Zeitgenössische Oper Berlin
Zeitgenössische Oper Berlin
Ohrenstrand
Eröffnung des Festivals
“Ankunft: Neue Musik” – im Berliner Hauptbahnhof
DOWNLOAD: Festivalflyer 2011
Konzerte, Opern, Filme und Performances
24.08.-05.09.2011
Berliner Hauptbahnhof, Europaplatz 1, EG, Eintritt frei
Eine Produktion der Zeitgenössischen Oper Berlin
Podium: Andreas Rochholl (Künstlerischer Leiter der Zeitgenössischen Oper Berlin) und Thomas Hesse (Leiter Bahnhofsmanagement Berlin Hauptbahnhof) Wenn sich das Geräusch einfahrender Züge mit dem Klang eines Cellos mischt, Tänzer zwischen Rolltreppen ihre Kreise ziehen, mitten im Bahnhof ein Flügel steht, dann ist wieder die Zeit gekommen für das Festival “Ankunft: Neue Musik”. Bereits zum dritten Mal macht die Bühne “ohrenstrand mobil” Station im Berliner Hauptbahnhof und lädt Durchreisende, Flaneure und Neugierige mit einem umfangreichen Programm zu einer Stippvisite in die Welt der Neuen Musik ein.

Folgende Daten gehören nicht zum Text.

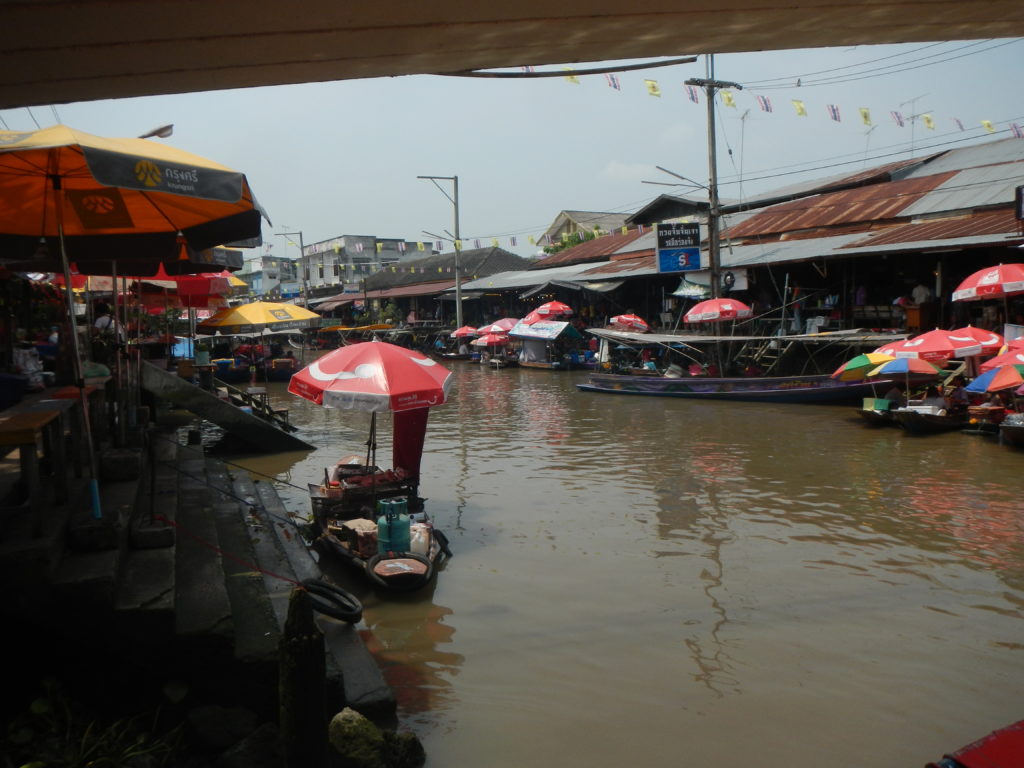 One of the things Starr appreciated about the trip was the opportunity to observe the influence of the maritime landscape in Thai culture, like this floating market the conference attendees visited on their one day off.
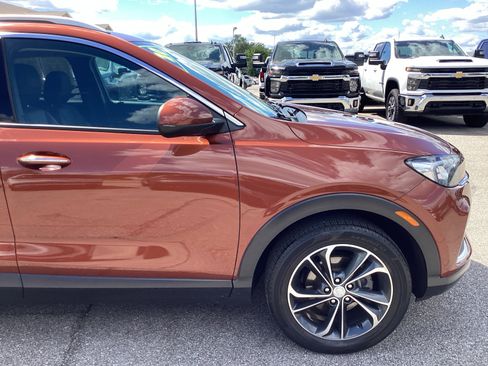 Used 2020 Buick Encore GX Essence image 8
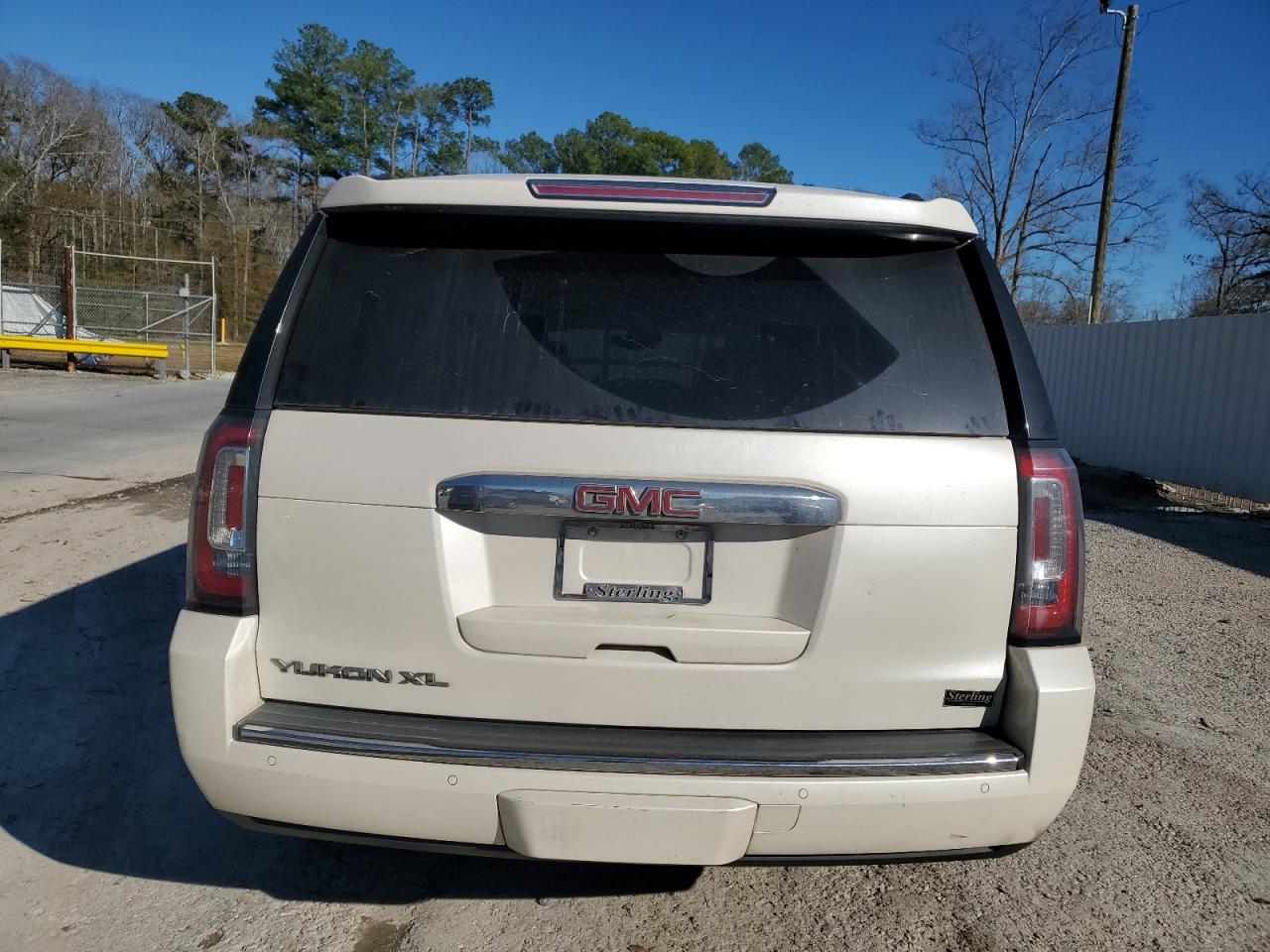 Photo 5 VIN: 1GKS2JKJ5FR537826 - GMC YUKON 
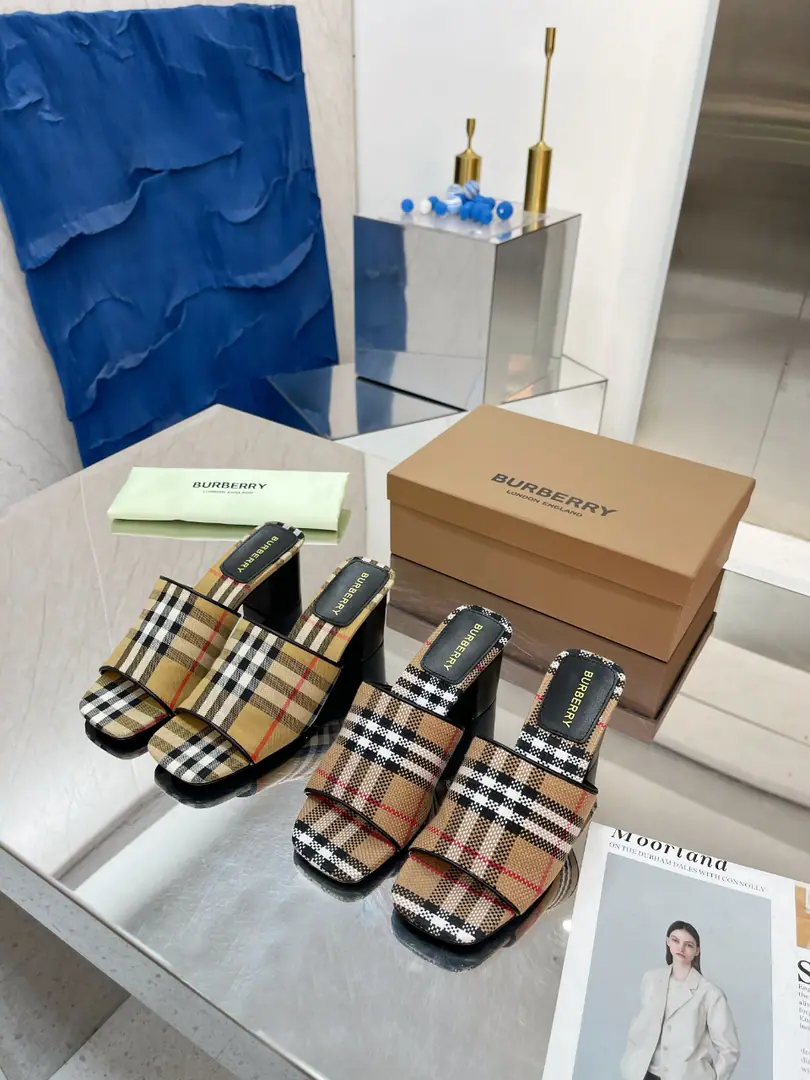 🌈🌈🌈New stuff on the shelf.☘️☘️Burberry Boboli's a rough guy., Flat slippers.🌺🌺🌺Channel cargo A sulfide slipper with a papolis.🌈🌈It has to be the same.！🌺🌺The shoe face is made of a Barboli cow., In the skin and feet., Original Open button, The extremely soft leather material is perfectly compatible with the two-foot curve of embroidery.. ❤️❤️Barboli's all vulcanized., The new smoothing and grinding of the bottom line is a natural display., It's not the original technology., 🍎🍎It's a tough process.5.5.Simulate the skin., Codes:35~42(35.40.41.42No re-election.)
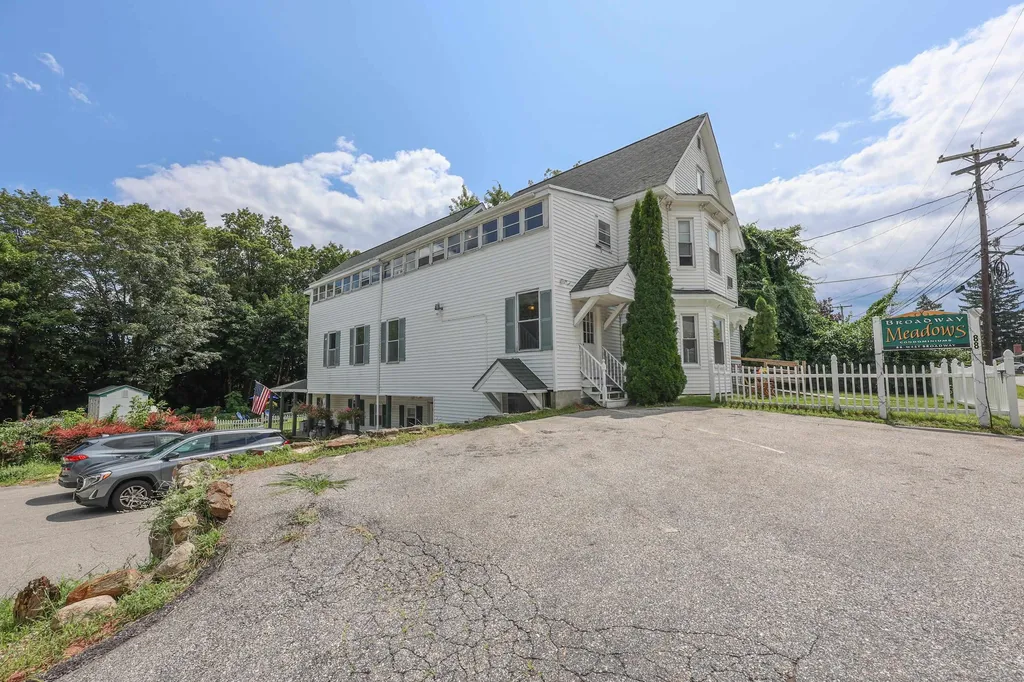 88 W Broadway Street Derry NH 03038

Eröffnet wird das Festival am 24.08.11 um 20:00 Uhr mit einer ungewöhnlichen Musikfilm- Premiere. In der Regie von Andreas Rochholl und unter Mitwirkung von zahlreichen Musikern haben Zeitgenössische Oper Berlin und KADMOS-Produktion das Musikstück “I met Heine on the Rue Fürstenberg” (1971) des amerikanischen Komponisten Morton
Feldman verfilmt. Eingeweiht wird mit dieser Filmpremiere zugleich eine Neuerung: das Musik-Kino. Gezeigt werden hier vor, zwischen und nach den Live-Performances Kurzfilme und Videos, in denen die zeitgenössische Musik eine wesentliche Rolle spielt.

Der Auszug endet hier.